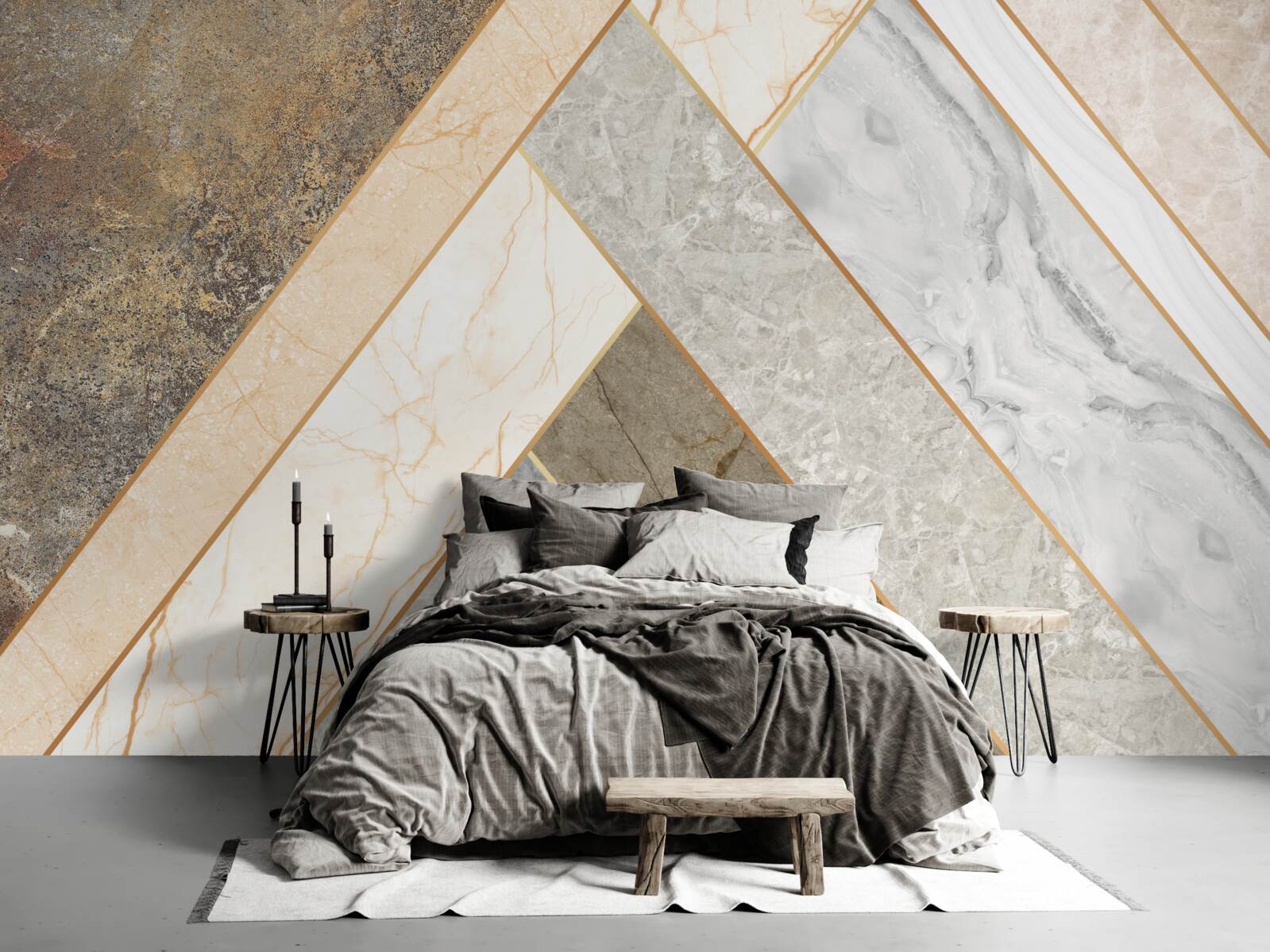 Фотошпалери мозаїка на мармурі у світлих відтінках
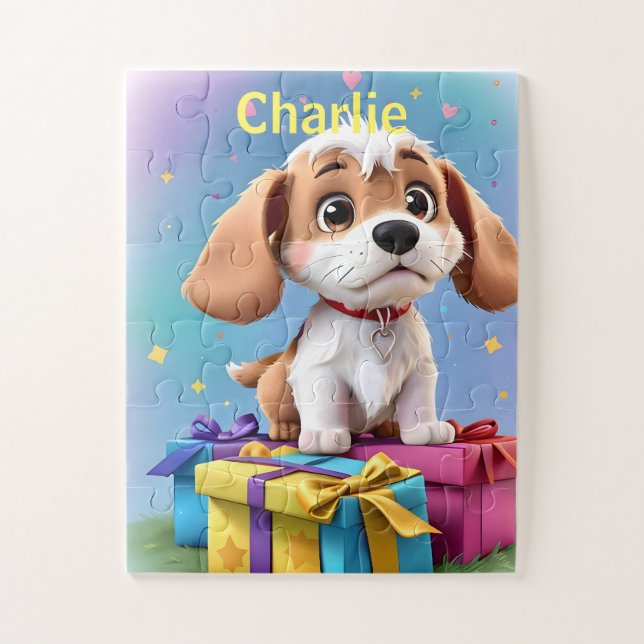 Adorable Tan & White Puppy with Colourful Gifts Jigsaw Puzzle (Vertical)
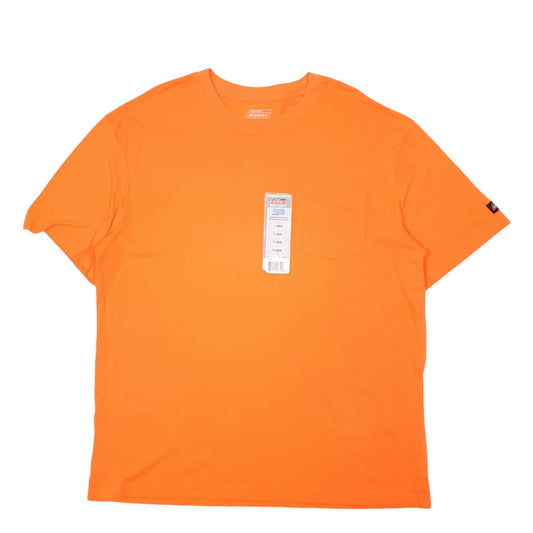 Mens Orange Dickies Pocket Workwear Cool & Dry Short Sleeve T Shirt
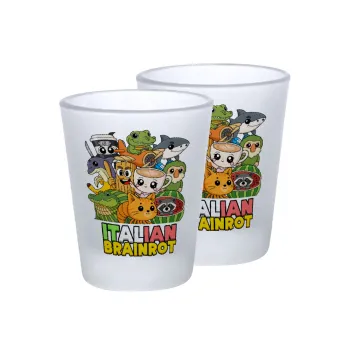 Italian Brainrot friends, Σφηνοπότηρα γυάλινα 45ml του πάγου (2 τεμάχια)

* **Instructions to follow**
All that is needed here is the run of lines from the one containing "Adorable Tan &" through the end of the material above, reproduced exactly and without pictures.

* **Output of the task**
 Adorable Tan & White Puppy with Colourful Gifts Jigsaw Puzzle (Vertical)
 Mens Orange Dickies Pocket Workwear Cool & Dry Short Sleeve T Shirt
 Italian Brainrot friends, Σφηνοπότηρα γυάλινα 45ml του πάγου (2 τεμάχια)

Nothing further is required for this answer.